### Work instruction
The entries below contain pictures, which are to be left out; write out exactly, and only, the lines from the line with "Haargroeischuim Siliconenborst - Hair" up to and including the line with "White Kids Ice Skates".

### Input data
== Segment start ==

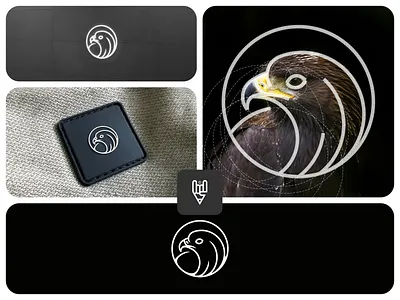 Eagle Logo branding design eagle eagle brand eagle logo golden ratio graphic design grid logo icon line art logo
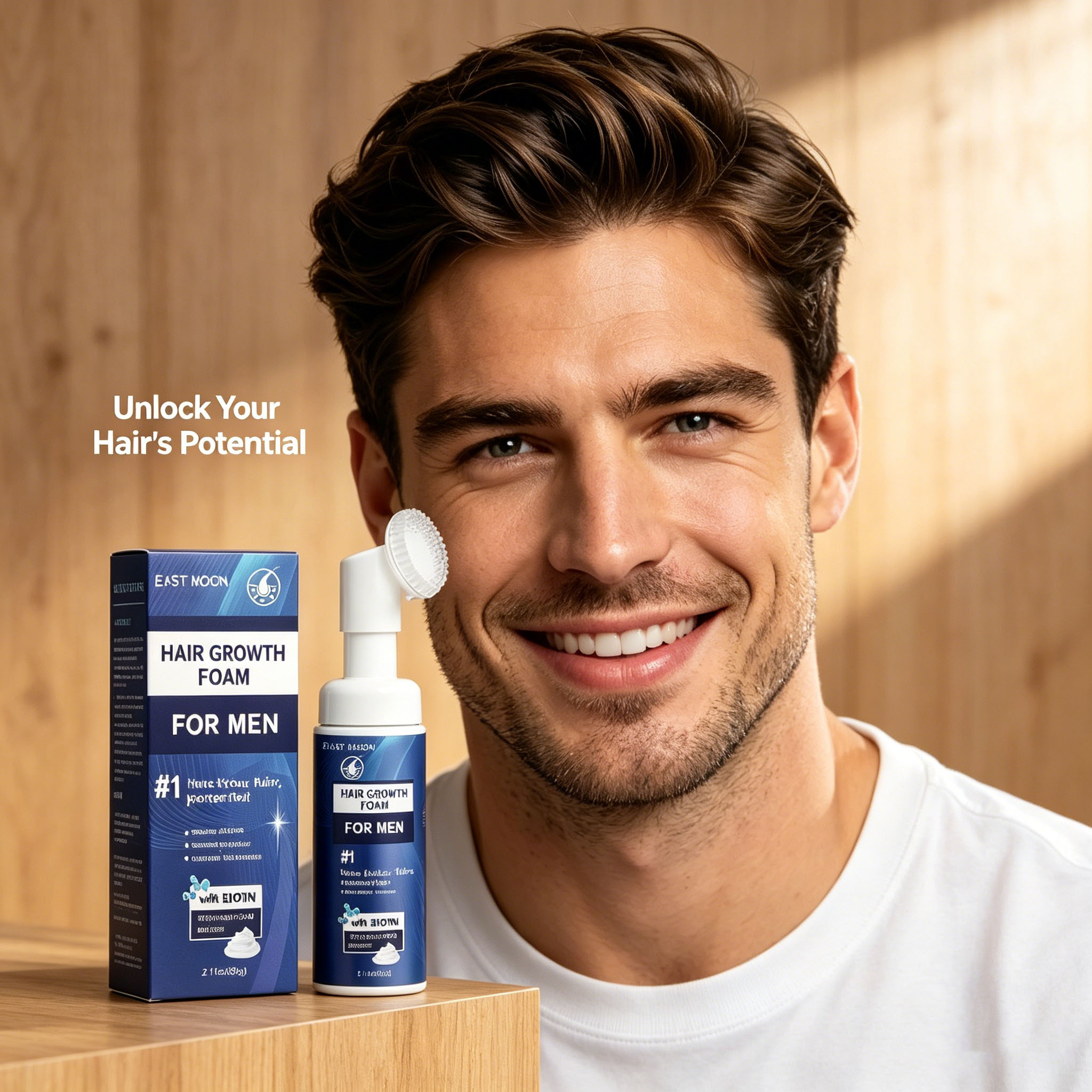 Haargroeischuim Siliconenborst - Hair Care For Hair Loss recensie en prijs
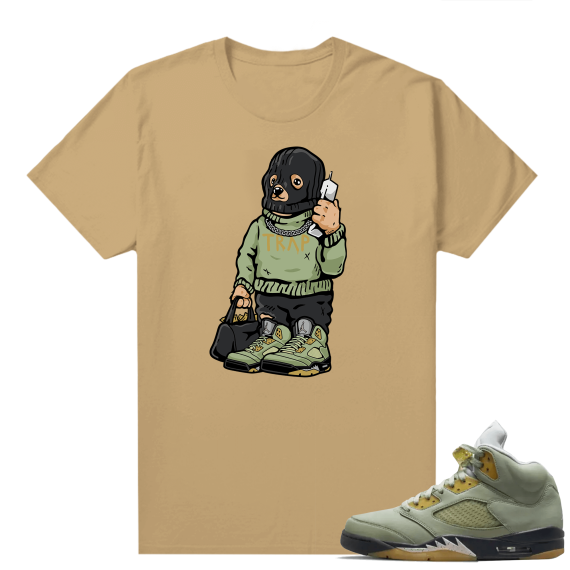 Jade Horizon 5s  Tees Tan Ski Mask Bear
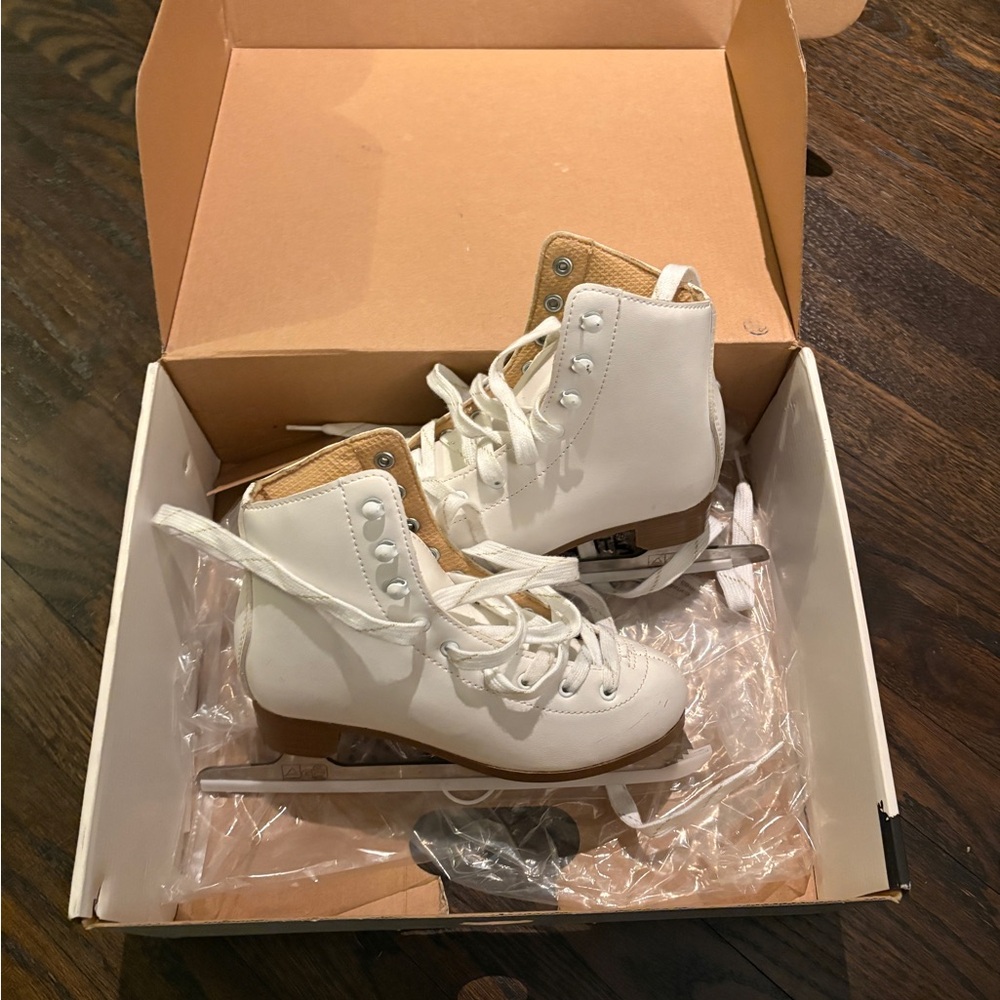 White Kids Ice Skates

== Segment end ==
== Segment start ==

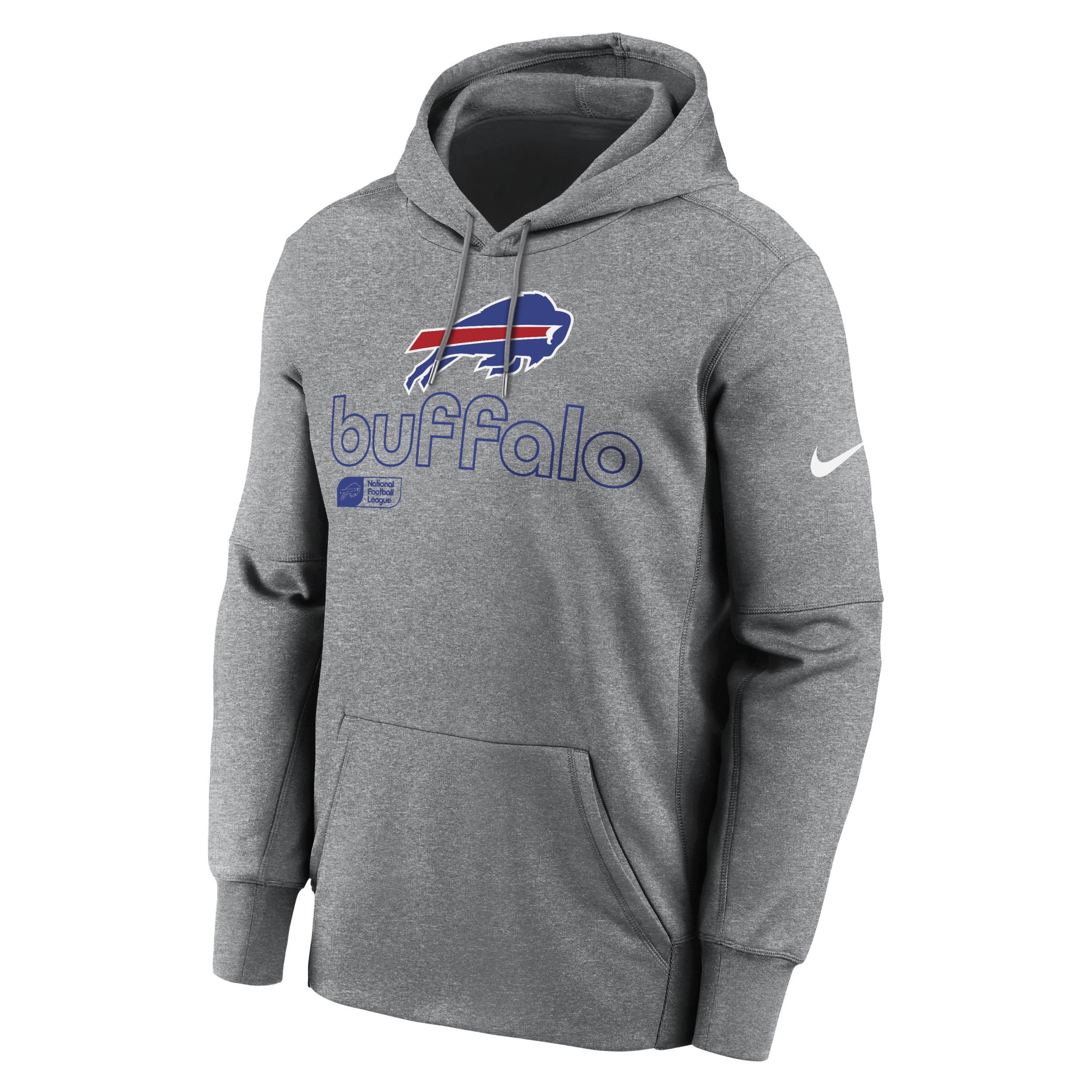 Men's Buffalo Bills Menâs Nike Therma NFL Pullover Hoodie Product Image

== Segment end ==
== Segment start ==

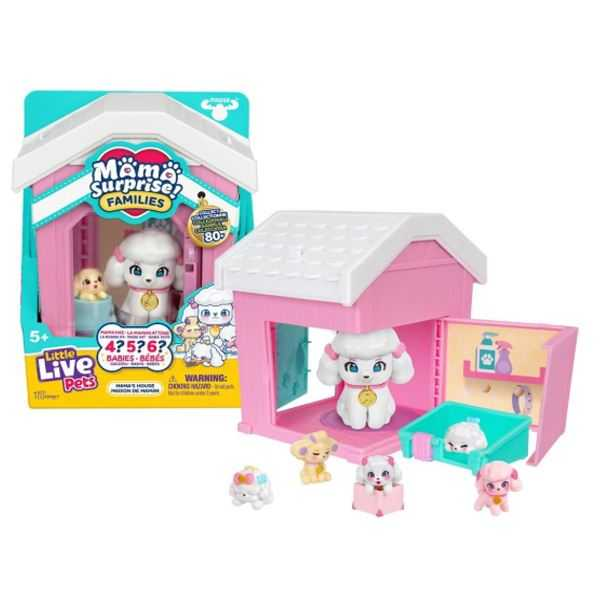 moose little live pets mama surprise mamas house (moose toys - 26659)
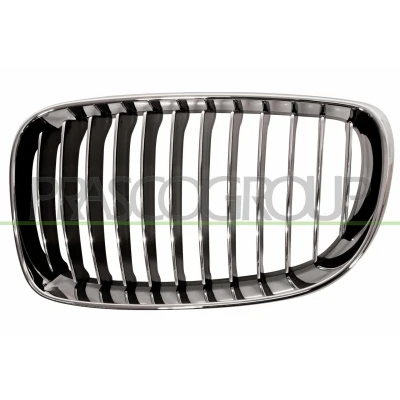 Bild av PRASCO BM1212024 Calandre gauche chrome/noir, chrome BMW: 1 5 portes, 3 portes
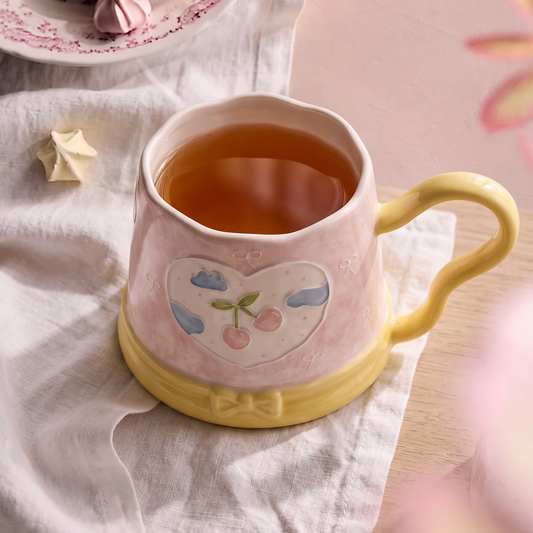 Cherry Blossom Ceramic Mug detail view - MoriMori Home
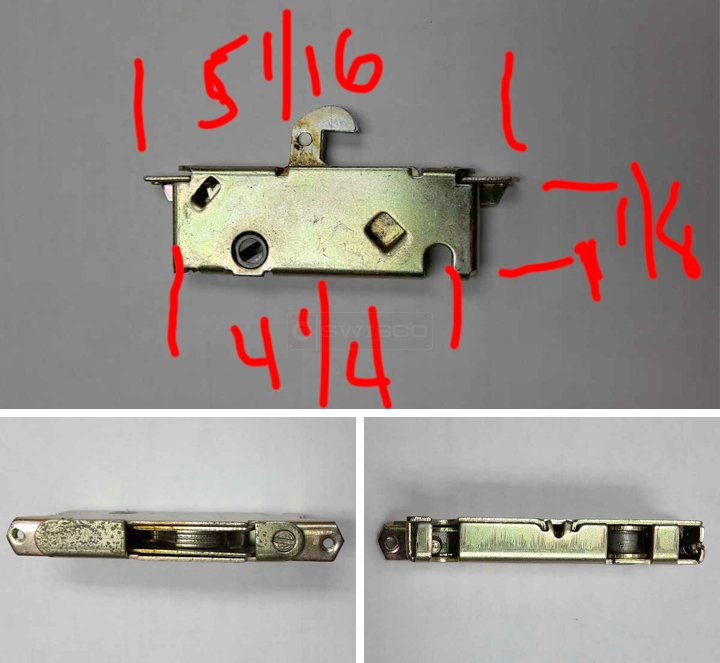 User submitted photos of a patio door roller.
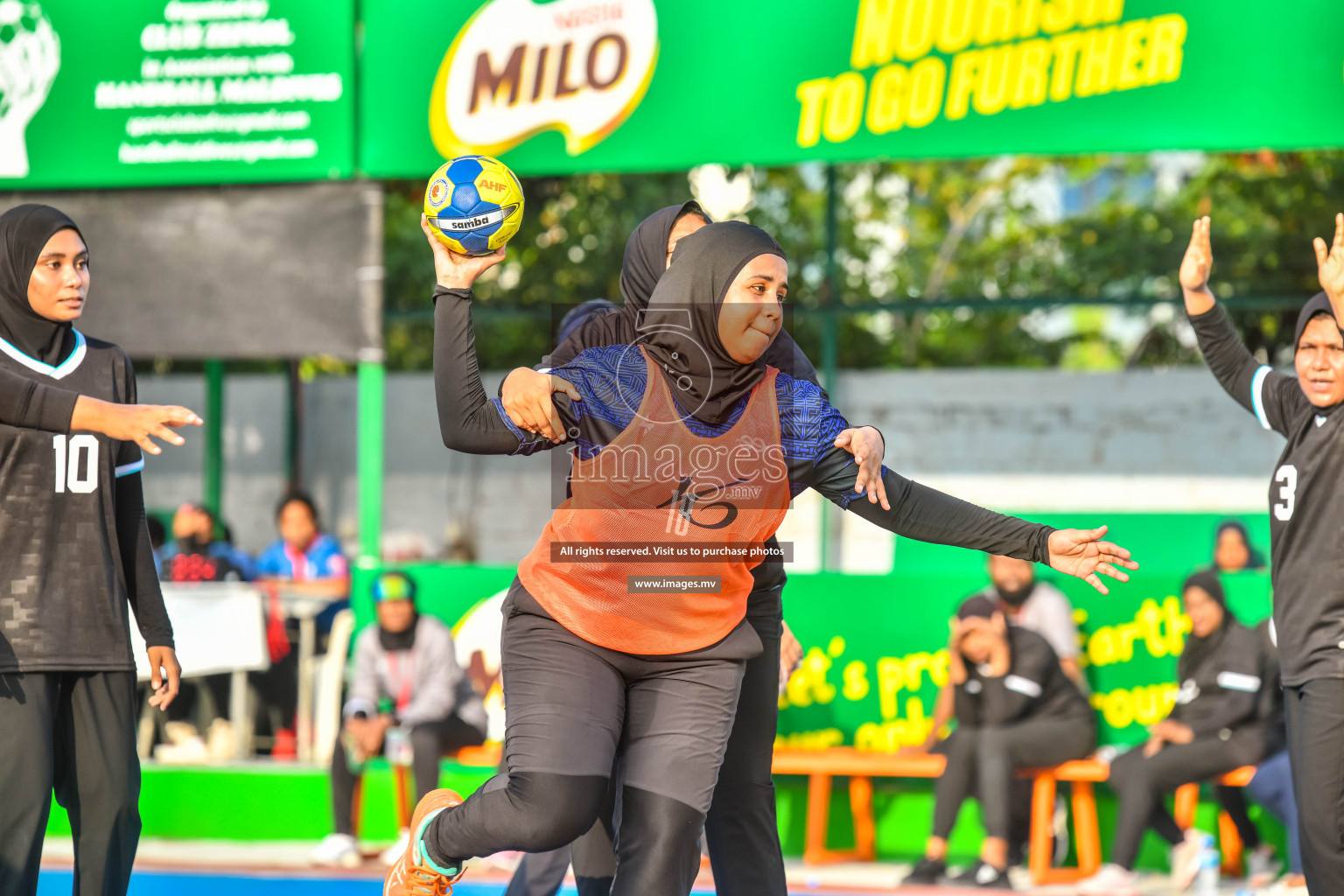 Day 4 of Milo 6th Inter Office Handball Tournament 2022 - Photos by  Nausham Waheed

== Segment end ==

### Response to the task
 Haargroeischuim Siliconenborst - Hair Care For Hair Loss recensie en prijs
 Jade Horizon 5s  Tees Tan Ski Mask Bear
 White Kids Ice Skates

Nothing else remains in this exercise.